**Your goal:**
An exact reproduction of all the entries below is required.

Start of Information supplied

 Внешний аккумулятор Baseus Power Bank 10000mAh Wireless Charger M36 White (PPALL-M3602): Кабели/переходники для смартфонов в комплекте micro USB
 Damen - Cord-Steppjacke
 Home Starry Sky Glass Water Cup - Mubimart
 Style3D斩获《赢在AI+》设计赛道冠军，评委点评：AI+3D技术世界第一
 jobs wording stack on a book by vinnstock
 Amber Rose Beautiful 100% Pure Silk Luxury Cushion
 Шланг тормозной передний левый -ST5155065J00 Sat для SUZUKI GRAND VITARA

End of Information supplied

**Exercise solution:**
 Внешний аккумулятор Baseus Power Bank 10000mAh Wireless Charger M36 White (PPALL-M3602): Кабели/переходники для смартфонов в комплекте micro USB
 Damen - Cord-Steppjacke
 Home Starry Sky Glass Water Cup - Mubimart
 Style3D斩获《赢在AI+》设计赛道冠军，评委点评：AI+3D技术世界第一
 jobs wording stack on a book by vinnstock
 Amber Rose Beautiful 100% Pure Silk Luxury Cushion
 Шланг тормозной передний левый -ST5155065J00 Sat для SUZUKI GRAND VITARA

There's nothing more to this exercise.